At this point, it may not be inappropriate to note that the appellee earnestly contends that a reading of Sections 327 and 329 leads to the inescapable conclusion that the tax is imposed at the time the sale takes place, without regard to whether the goods are actually delivered at that time, or whether the purchase price is paid. We assumed this much above. However, the appellee goes further and claims that *356Section 329 does not affect the imposition or payment of the tax, but merely authorizes the Comptroller to defer the time of payment on installment or credit sales. In other words, appellee urges that once the tax is calculated as of the time of a credit or installment sale and the tax is paid in full by the vendor, Section 329 does not authorize the Comptroller, by proper regulation, to refund to the vendor any portion of the tax (on the credit or installment portion of the sale price) that he is unable to collect from the vendee.

With this, we are unable to agree. Our reasons should be obvious. If Section 329 authorizes the Comptroller to provide by regulation for the payment of the tax at the time of the “collection of * * * installments” by the vendor, and Rule 57 permits “an arrangement under which the purchaser would pay a vendor” the tax at the time he (the purchaser) paid his installments, and certain of the installments are never paid, how can it seriously be argued that the vendor would be liable for taxes on the installments he never collected? Furthermore, if the contention were sound, the Comptroller had no authority to promulgate Rule 1, which we think, and we so hold, to be a valid regulation adopted under the authority of Section 329.

We now approach the crux of the case. Section 347 provides that when a sale upon which a tax has been paid is rescinded, cancelled or the property sold is returned to the vendor, and the price repaid or credited, in whole or in part, the vendor shall return to the purchaser the proportionate amount of tax so paid to him, and Section 348 makes provision for the vendor who has repaid such a tax to the purchaser to make application for a refund from the Comptroller. In order to explain, and facilitate the application of, Sections 347 and 348, the Comptroller adopted Rule 10. It will be unnecessary to set out the Rule in full: after making specific provisions for the carrying out of said sections, the Rule concludes by stating: “When any merchandise is repossessed, no tax shall be refunded.” And herein lies the real controversy in the case. Both the Comptroller and the trial court concluded that this provision prohibited a recovery by the claimant in this case.

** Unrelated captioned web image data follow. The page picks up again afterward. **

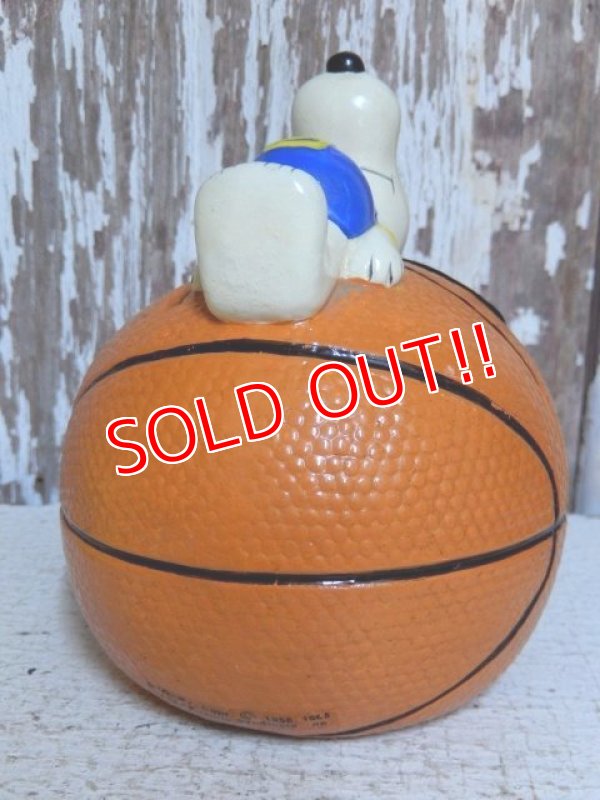 画像5: ct-150701-17 Snoopy / Determined 1976 Bank "Basketball"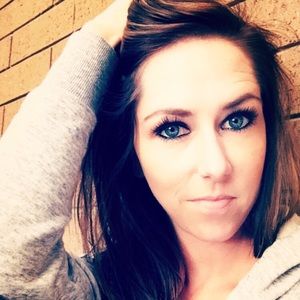 Meet your Posher, Brittney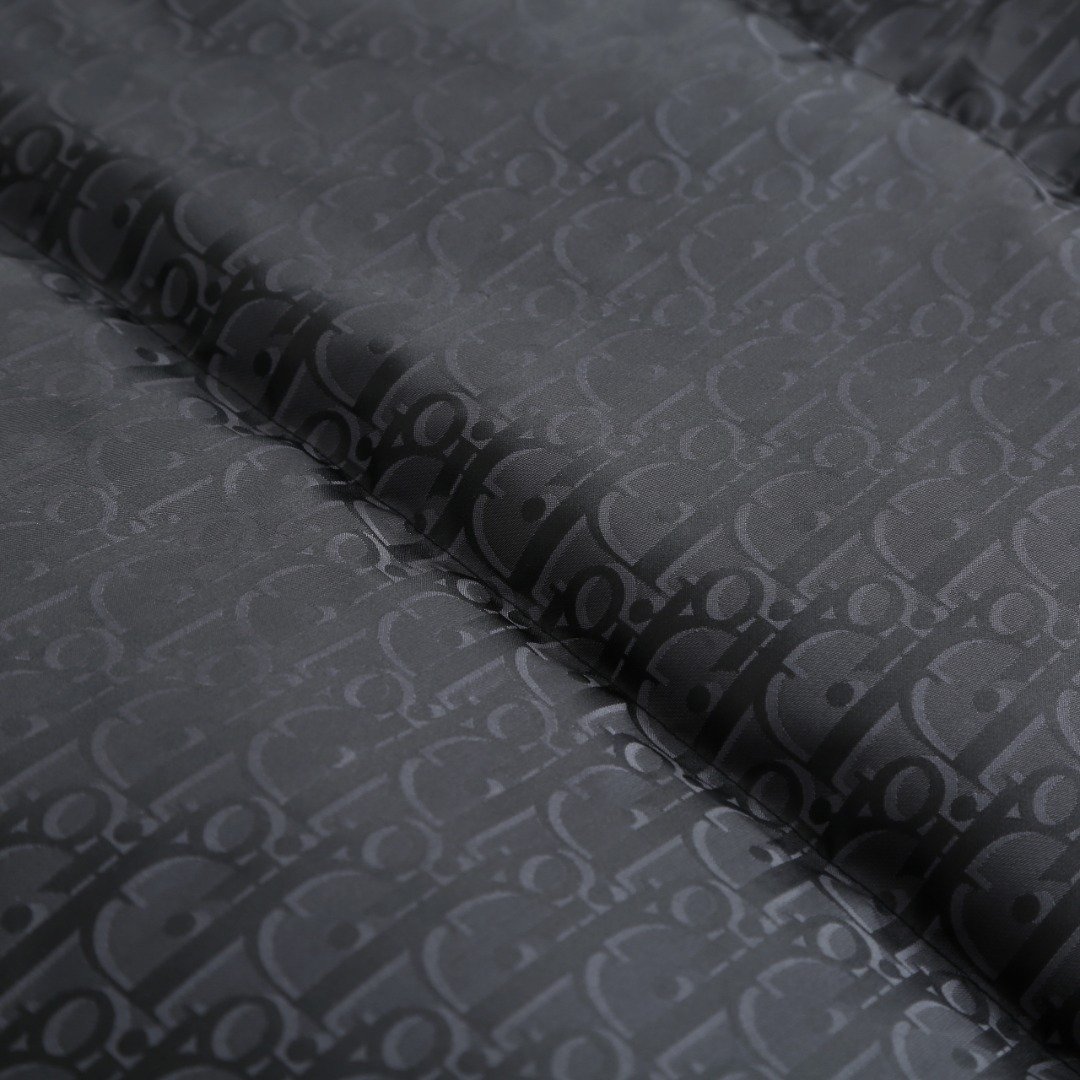 Dior Oblique Down Vest Black Cotton-Blend Jacquard 110703 - Image 6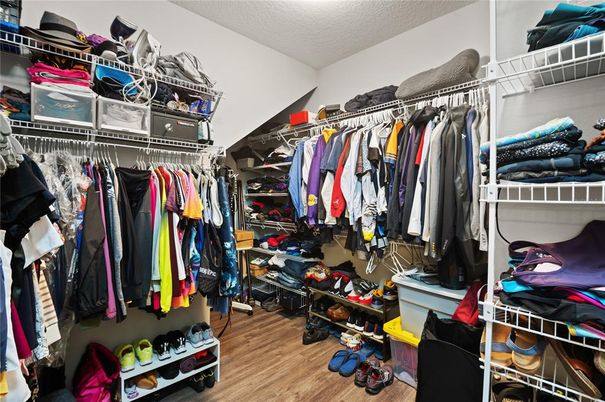 Interior, Walk-in Closets, Wood Texture Flooring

*357The appellants do not attack the validity of Rule 10, but they very earnestly, and we think persuasively, argue that it does not prohibit a recovery in this case. We see no reason why Rule 1 and Rule 10 cannot, or should not, be considered and construed together. Rule 10, as its heading indicates, was primarily promulgated for the regulation of administrative procedure under Sections 347 and 348, which deal with cancelled and returned sales. The Comptroller concedes that Rule 1 was adopted to avoid some of the possible inequities that could have arisen under Rule 57, had Rule 1 not been promulgated, namely, that a vendor, who elected not to pay the credit or installment portions of the tax until actually received, would have a decided advantage over one who elected to pay the whole tax under provision (a) of Rule 57. We think the proper and reasonable meaning to be given the quoted portion of Rule 10, when construed with Rule 1, is that when any merchandise is repossessed, no tax shall be refunded, unless the vendor is able to show a full and complete compliance with Rule 1, in which event, the vendor will be entitled to a refund in accordance with the provisions of said Rule 1.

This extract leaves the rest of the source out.